Hundreds of aircraft may be affected.
http://www.avweb.com/avwebflash/news/NitrogenUsedToFillAircraftOxygenSystems_196776-1.html
See also:
http://www.theage.com.au/news/national/probe-after-qantas-pumps-wrong-gas-into-jets/2007/12/15/1197568332267.html
no subject
Date: 2008-01-06 09:22 pm (UTC)no subject
Date: 2008-01-06 09:28 pm (UTC)Overall, who needs terrorists when we've got stupids?
no subject
Date: 2008-01-06 09:30 pm (UTC)The carrying of oxygen generators on passenger aircraft was banned following an in-flight cargo fire and subsequent crash of a ValuJet DC-9 near Miami, Florida, on May 11, 1996. The probable cause of the accident was determined to be the inadvertent activation of one or more oxygen generators in the forward cargo compartment that resulted in an uncontrollable fire
This does not, of course, mean that the situation hasn't changed since, or that other kinds aren't now used.
no subject
Date: 2008-01-06 09:31 pm (UTC)The therapeutic oxygen was what I meant by medical. Either way, it'd be extremely bad news for anyone trying to breathe it.
no subject
Date: 2008-01-06 09:32 pm (UTC)no subject
Date: 2008-01-06 09:40 pm (UTC)Also, oxygen for the flight crew is supplied from cylinders. Supplying them with nitrogen instead could cause a safety hazard since most current safety procedures for smoke or fumes in the cabin begin with "pilots should immediately begin to use oxygen masks".
no subject
Date: 2008-01-06 09:41 pm (UTC)no subject
Date: 2008-01-06 09:43 pm (UTC)I can't get the image of what would happen when the masks dropped down out of my head.
That is one magic fuckup.
no subject
Date: 2008-01-06 10:04 pm (UTC)no subject
Date: 2008-01-07 03:47 am (UTC)no subject
Date: 2008-01-07 11:16 am (UTC)no subject
Date: 2008-01-07 11:19 am (UTC)no subject
Date: 2008-01-07 02:19 pm (UTC)no subject
Date: 2008-01-07 03:05 pm (UTC)More scary is the story about hackers and the new B787 Dreamliner
no subject
Date: 2008-01-07 03:17 pm (UTC)You've come across Windows for Warships, I take it?
no subject
Date: 2008-01-07 05:03 pm (UTC)no subject
Date: 2008-01-08 03:36 pm (UTC)no subject
Date: 2008-01-08 03:39 pm (UTC)no subject
Date: 2008-01-08 03:42 pm (UTC)Crew have a big O2 bottle to ourselves, and cabin attendents have therapuetic / portable oxygen bottles, but in the first instance they just sit down and use spare masks from the drop-down passenger oxygen
no subject
Date: 2008-01-08 03:43 pm (UTC)no subject
Date: 2008-01-08 03:44 pm (UTC)no subject
Date: 2008-01-08 09:14 pm (UTC)no subject
Date: 2008-01-08 10:29 pm (UTC)Just weld the connectors on; the idiots will set fire to themselves trying to detach the oxygen connectors with welding kit and that'll solve the problem.

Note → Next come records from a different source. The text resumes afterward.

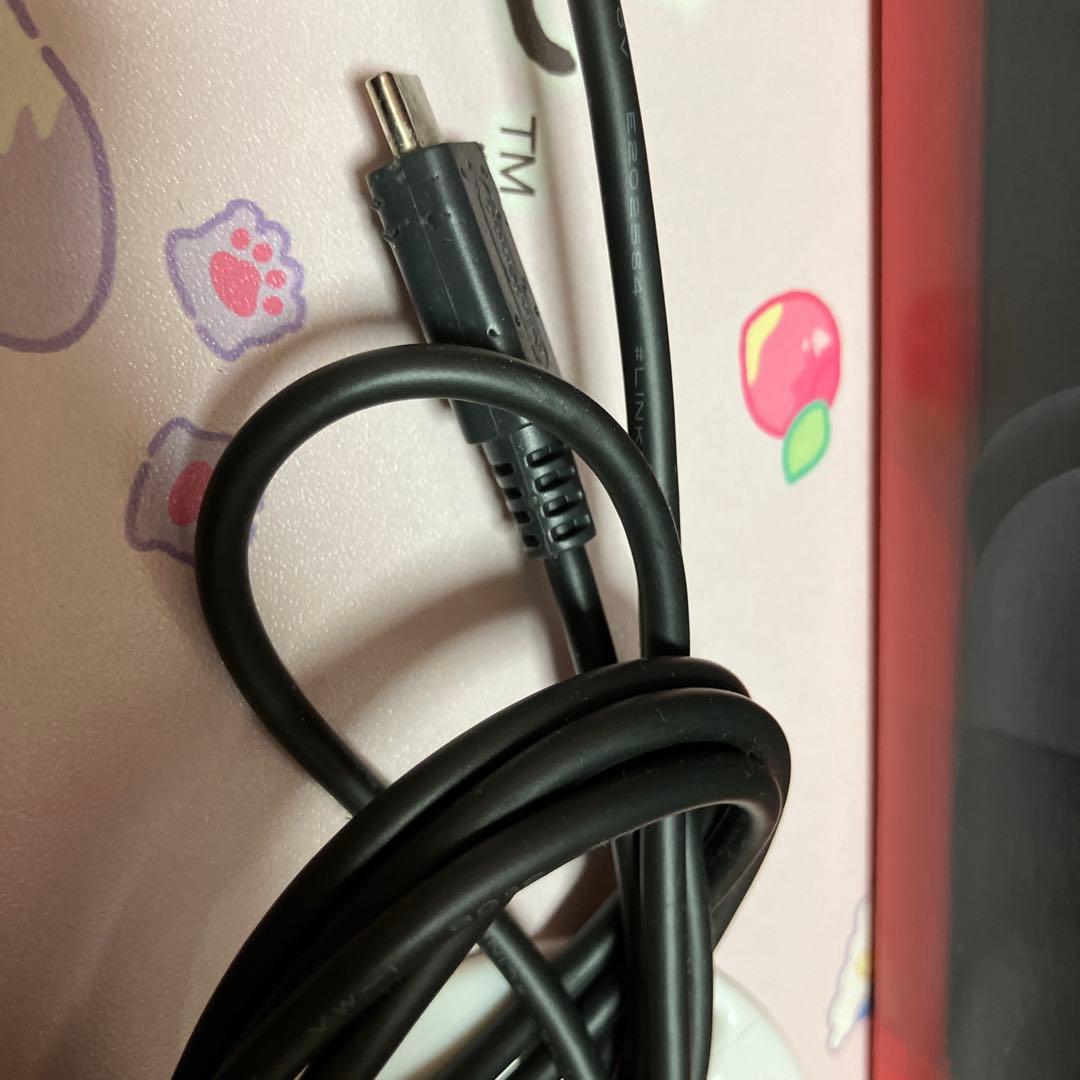バ*、様 Nintendo Switch 本体 ニンテンドースイッチ 初期化済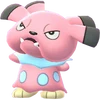 Snubbull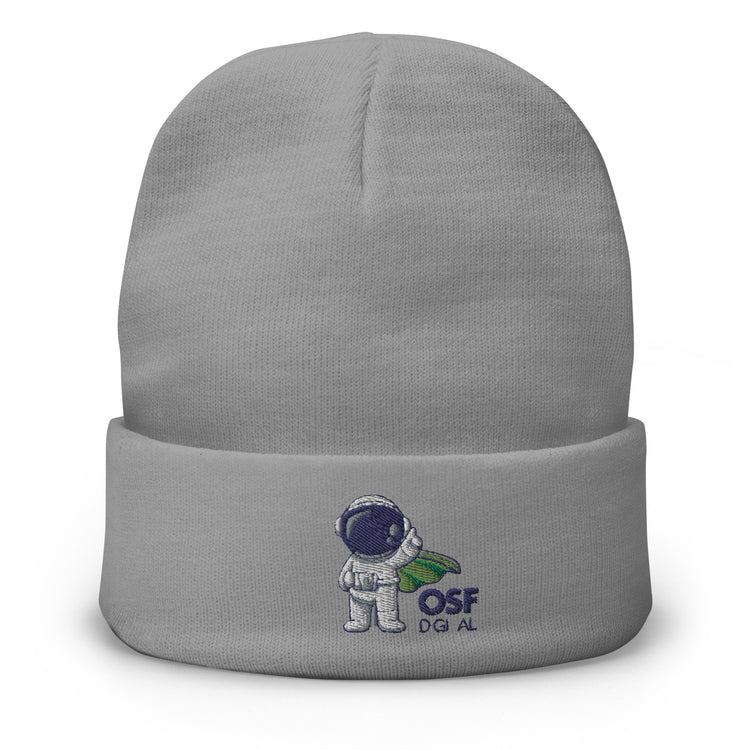 OSF Beanie (OSF Strong)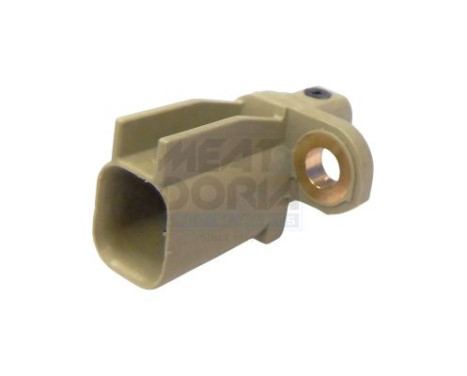 Sensor de velocidad de la rueda
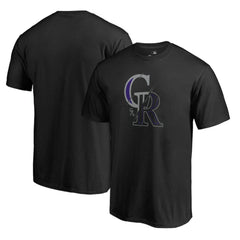 Colorado Rockies X-Ray T-Shirt Outlet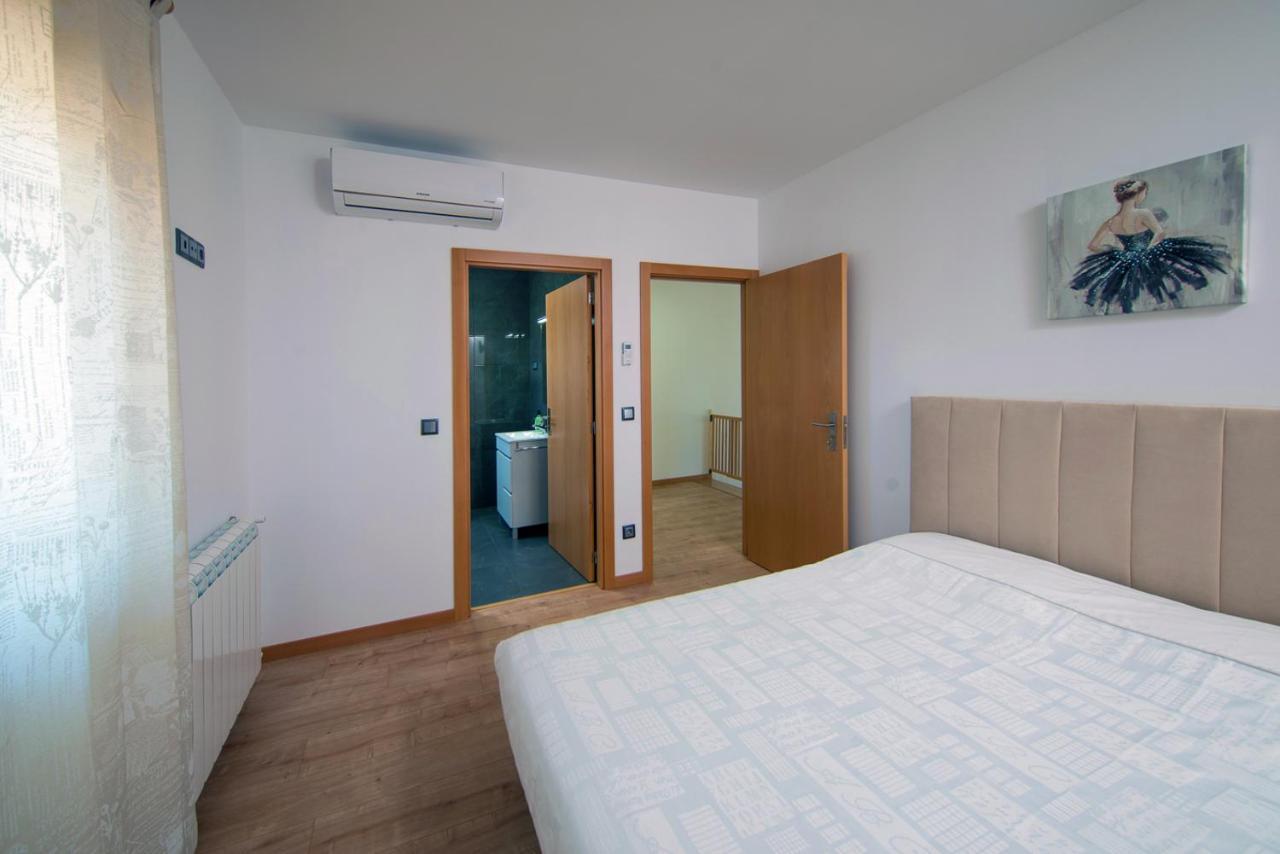 Casa Bem Estar Villa Vila Nova de Poiares Buitenkant foto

.. you still flying for that orange airline, or not? Still hoping to get on one of your flights and say hello.
no subject
Date: 2008-01-09 02:29 am (UTC)Note also this fine effort :
>>Declan - GCN followed up the story cited below with this one
>>(http://www.gcn.com/archives/gcn/1998/november9/6.htm) in which the same
>>author wrote:
>>"Human error, not Microsoft Windows NT, was the cause of a LAN failure
>>aboard the Aegis cruiser USS Yorktown that left the Smart Ship dead in the
>>water for nearly three hours last fall during maneuvers near Cape Charles,
>>Va., Navy officials said.
>>The Yorktown last September suffered an engineering LAN casualty when a
>>petty officer calibrating a fuel valve entered a zero into a shipboard
>>database, officials said. The resulting database overload caused the ship's
>>LAN, including 27 dual 200-MHz Pentium Pro miniature remote terminal units,
>>to crash, they said.
The two issues, of course, being why the input wasn't sanitised and how a database error managed to bring the whole network down.
no subject
Date: 2008-01-09 10:46 am (UTC)no subject
Date: 2008-01-09 10:48 am (UTC)That inspires me with so much confidence.